DataWorks provides a real-time data synchronization feature. This feature lets you synchronize data from a source database to a destination database in real time for a single table or an entire database. You can create a real-time sync task with various combinations of input and output data sources to perform real-time incremental synchronization. This topic describes how to create a real-time sync task for incremental data from a single table or an entire database and how to check the running status of the task after it is created.
Prerequisites
Data sources are configured. Before you configure a real-time sync task, you must ensure that the source and destination databases are set up. This lets you control read and write operations by selecting the data source names in the sync task. For more information, see Supported data sources and synchronization solutions.
A serverless resource group is used and attached to the workspace.
A network connection is established between the resource group and the data sources. For more information, see Network connectivity solutions.
Step 1: Create a real-time synchronization node
Follow these steps to create a real-time synchronization node.
Go to the Workspaces page in the DataWorks console. In the top navigation bar, select a desired region. Find the desired workspace and choose in the Actions column.
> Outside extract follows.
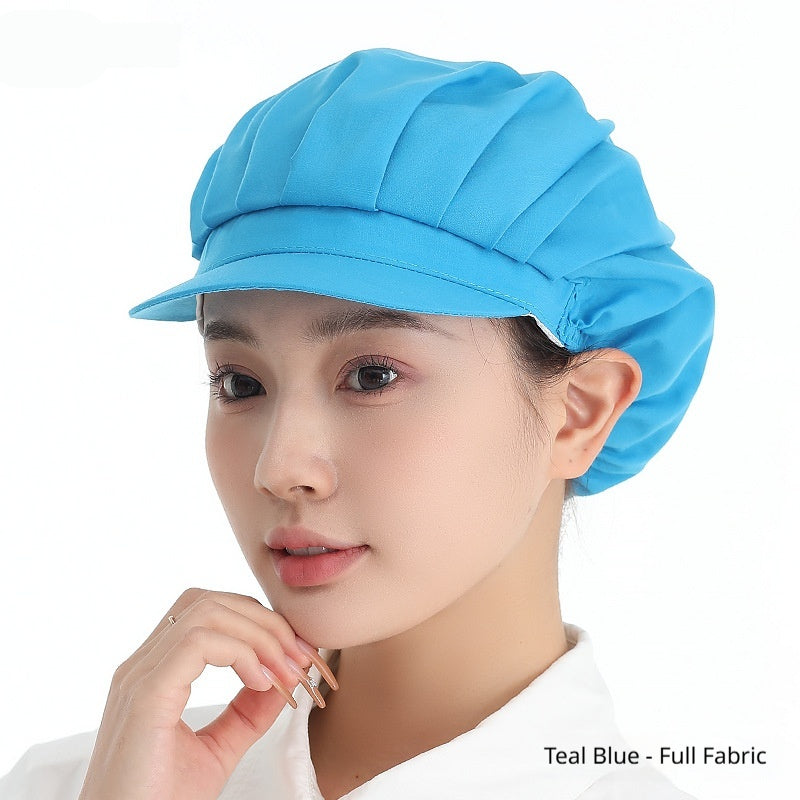 Canteen Workshop Kitchen Work Net Cap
Create a real-time synchronization node.
In the navigation pane on the left, click the
icon. In the directory tree, find Workspace Directories, click the
icon next to it, and choose to open the Create Node dialog box.In the Create Node dialog box, select a Synchronization Method. The available methods are as follows:
Sync task configuration type
Synchronization method
ETL Between Single Table (Topic) and Single Table (Topic)
Synchronization of Data Changes from Database to MaxCompute
Synchronization of Data Changes from Database to Hologres
Synchronization of Data Changes from Database to AnalyticDB for MySQL V3.0
Synchronization of Data Changes from Database to DataHub
Synchronization of Data Changes from Database to Kafka
In the Create Node dialog box, enter a name for the real-time synchronization node and click OK to proceed to the node configuration page.
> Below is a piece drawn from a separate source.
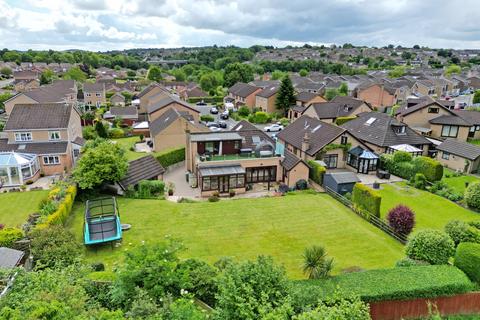 4 bedroom detached house for sale, Ullswater Place, Dronfield Woodhouse, Dronfield, Derbyshire, S18 8NX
Step 2: Configure the real-time sync task
The parameters that you need to configure for the real-time synchronization node depend on the synchronization method that you selected when you created the node.
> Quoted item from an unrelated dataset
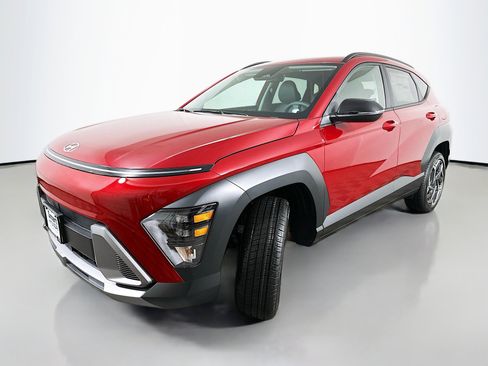 New 2026 Hyundai Kona SEL Premium image 3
Configure a real-time sync task for a single table
On the node configuration page, follow these steps to configure the input data source, data transformation, and output data source for a single-table real-time sync task:
Configure the input data source.
In the Input section on the left side of the node configuration page, drag the data source component to the canvas.

Click the input component to configure its parameters in the Node Configuration dialog box on the right.
The following input data source types are supported for single-table synchronization. For more information about the configuration of each data source type, see the linked topics.
(Optional) Configure data transformation.
In the Conversion section on the left, drag a transform component onto the canvas and connect it to the upstream component.

Click the transform component, and then configure its parameters in the Node Configuration dialog box on the right.
The following transformation methods are supported for single-table synchronization. For more information about the configuration of each method, see the linked topics.
Data filtering: Filters data based on rules, such as field size. Only data that meets the specified rules is retained.
String replacement: Replaces the values of string fields.
Data masking: Masks data from a single table during real-time synchronization and stores the masked data in a specified database location.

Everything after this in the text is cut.